Redis Introduce cpu_usage under CLUSTER SLOT-STATS, to query slot level cpu usage for Redis cluster

This issue is created to de-couple the cpu_usage implementation from the on-going discussion in slot level memory metrics in Introduce slot level metrics to Redis cluster #10472.

What are we introducing

High level changes

cpu_usage will be tracked and introduced under the to-be implemented CLUSTER SLOT-STATS command.

The cpu_usage is calculated by the already tracked duration, which is used to generate INFO commandstats section.

With the introduction of cpu_usage, Redis cluster users are able to identify hot-slots / hot-shards (in association with hot-slots) based on its cpu_usage.

Low level changes

Updated CLUSTER SLOT-STATS response is attached below.

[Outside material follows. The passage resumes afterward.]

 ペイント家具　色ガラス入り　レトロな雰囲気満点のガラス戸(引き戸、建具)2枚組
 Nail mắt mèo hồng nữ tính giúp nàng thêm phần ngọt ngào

127.0.0.1:6379> CLUSTER SLOT-STATS ORDERBY CPU_USAGE LIMIT 2 DESC
1) (integer) 16381
2) 1) "key_count"
   2) (integer) 2
3) 1) "cpu_usage"
   2) (integer) 1000
4) (integer) 0
5) 1) "key_count"
   2) (integer) 3
6) 1) "cpu_usage"
   2) (integer) 987

Implementation details

Based on the most recent update from the previous thread.

How is it accumulated?

For its initial release, we can leverage CPU time as a proxy unit for CPU utilization. There's already an existing measurement, named duration under call(), which is used to aggregate for an existing counter commandstats. The same value can simply be aggregated under slot level context.

How is it reset?

For its initial release, the accumulated value is reset upon either; 1. slot ownership change (either the slot is removed or newly added), or 2. CONFIG RESETSTAT command. This command already exists, with documentation link.

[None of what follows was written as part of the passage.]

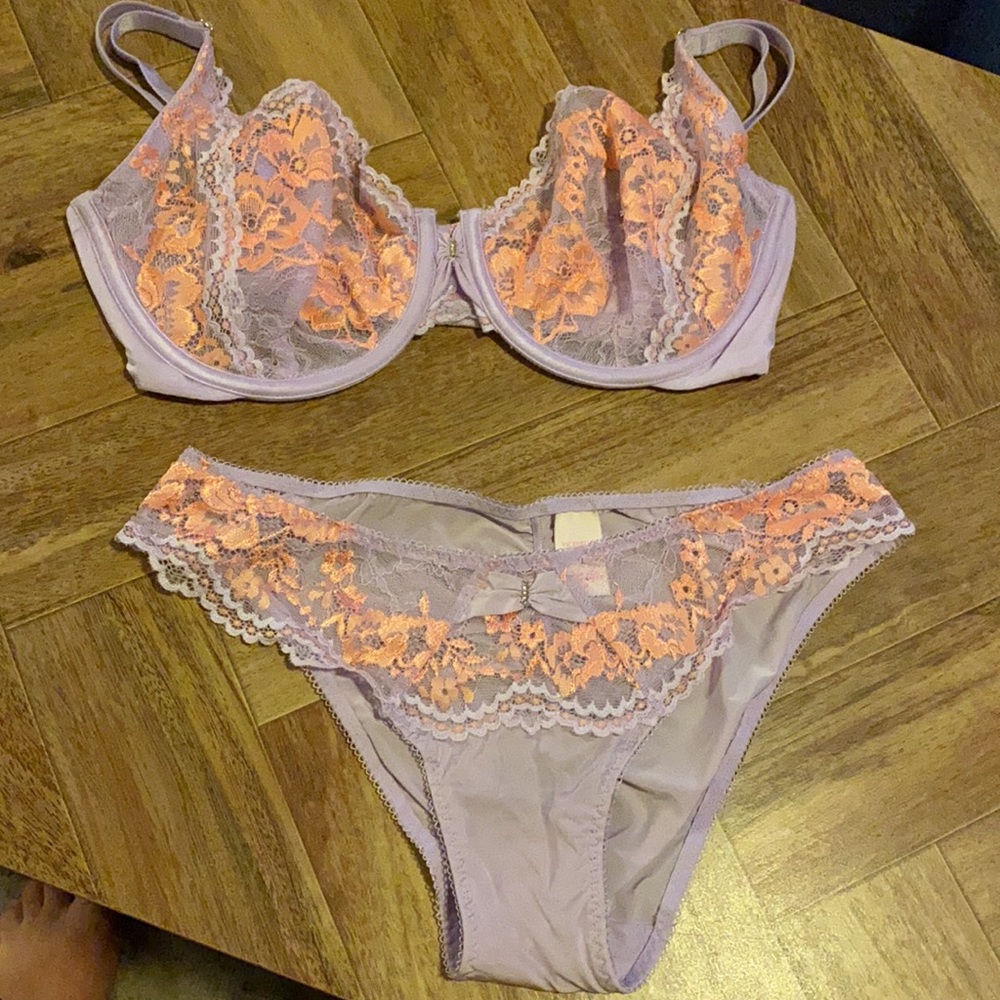 Unlined bra with matching panty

As for its future iterations, we could leverage trailing average as a better reset mechanism alternative. Even better, make the reset mechanism configurable, similar tomaxmemory-policy config.

Comment From: madolson

For its initial release, we can leverage CPU time as a proxy unit for CPU utilization. There's already an existing measurement, named duration under call(), which is used to aggregate for an existing counter commandstats. The same value can simply be aggregated under slot level context.

'Initial release' implies some type of future release might change CPU, I'm not sure we should do that. I'm okay with just having the cpu usage be the same as the cpu usage indicated in cluster metrics permanently.

Comment From: kyle-yh-kim

Understood. I'd like to tackle this in a different angle - naming convention.

Instead of using cpu_usage, which encapsulates broad utilization of cpu, perhaps it is better to rename as cpu_time.

This way, we achieve the following; 1. Add extensibility towards future cpu metrics as new metrics can be created under cpu_{insert_your_metric_name} namespace, without backward compatibility concerns. 2. Remove ambiguity on "What is cpu usage measured by?"